- DATA SHOWN:
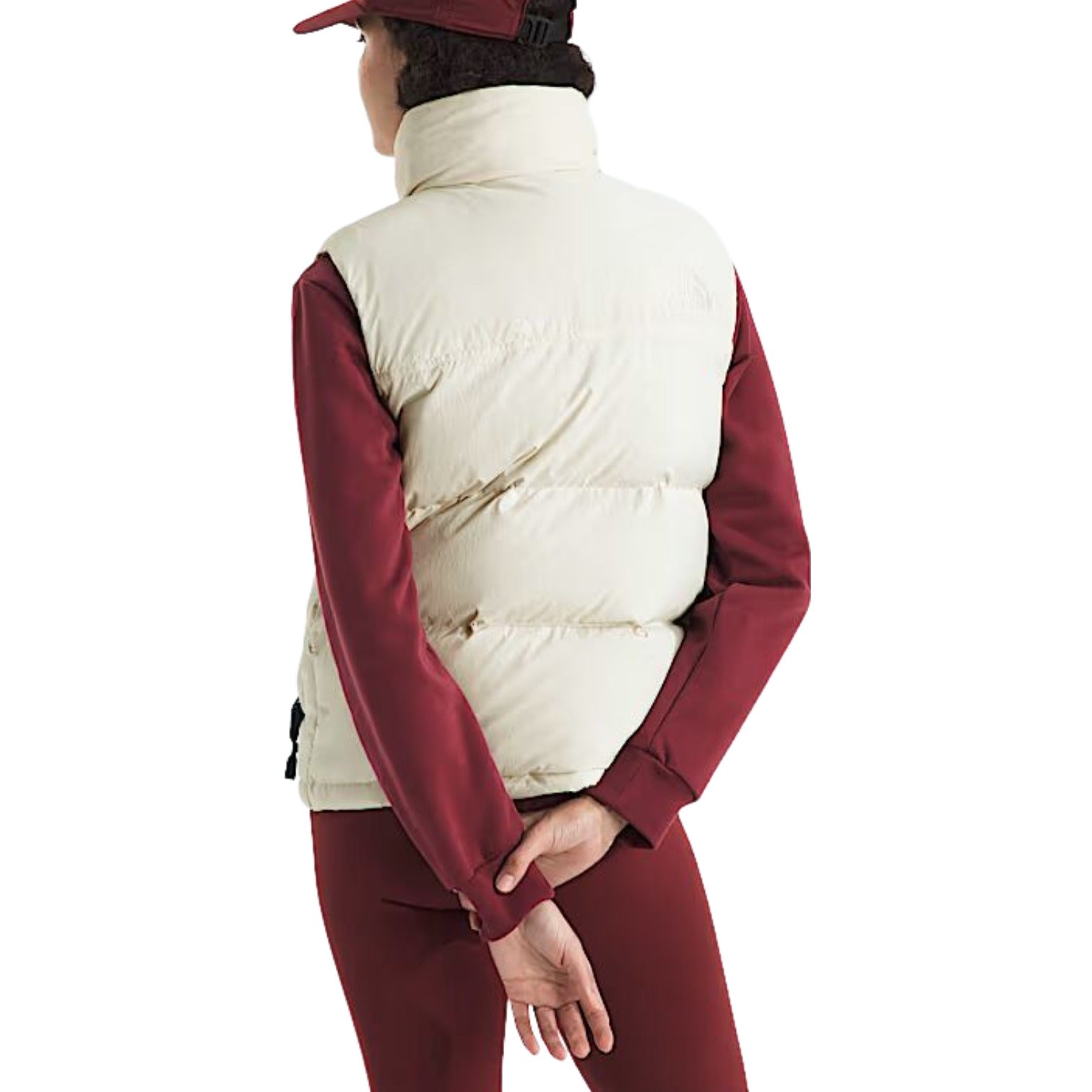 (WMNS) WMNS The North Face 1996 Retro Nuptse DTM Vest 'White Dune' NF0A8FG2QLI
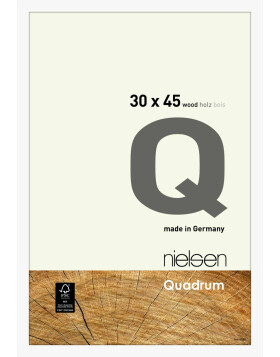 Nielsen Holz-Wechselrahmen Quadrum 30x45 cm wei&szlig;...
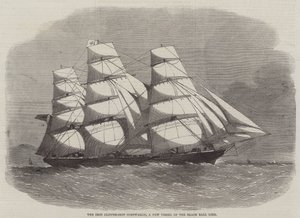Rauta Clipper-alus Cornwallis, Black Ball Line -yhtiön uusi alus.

- EXERCISE:
Give the data again exactly as written, with all pictures left out.

- RESULT OF THE TASK:
 (WMNS) WMNS The North Face 1996 Retro Nuptse DTM Vest 'White Dune' NF0A8FG2QLI
 Nielsen Holz-Wechselrahmen Quadrum 30x45 cm wei&szlig;...
Rauta Clipper-alus Cornwallis, Black Ball Line -yhtiön uusi alus.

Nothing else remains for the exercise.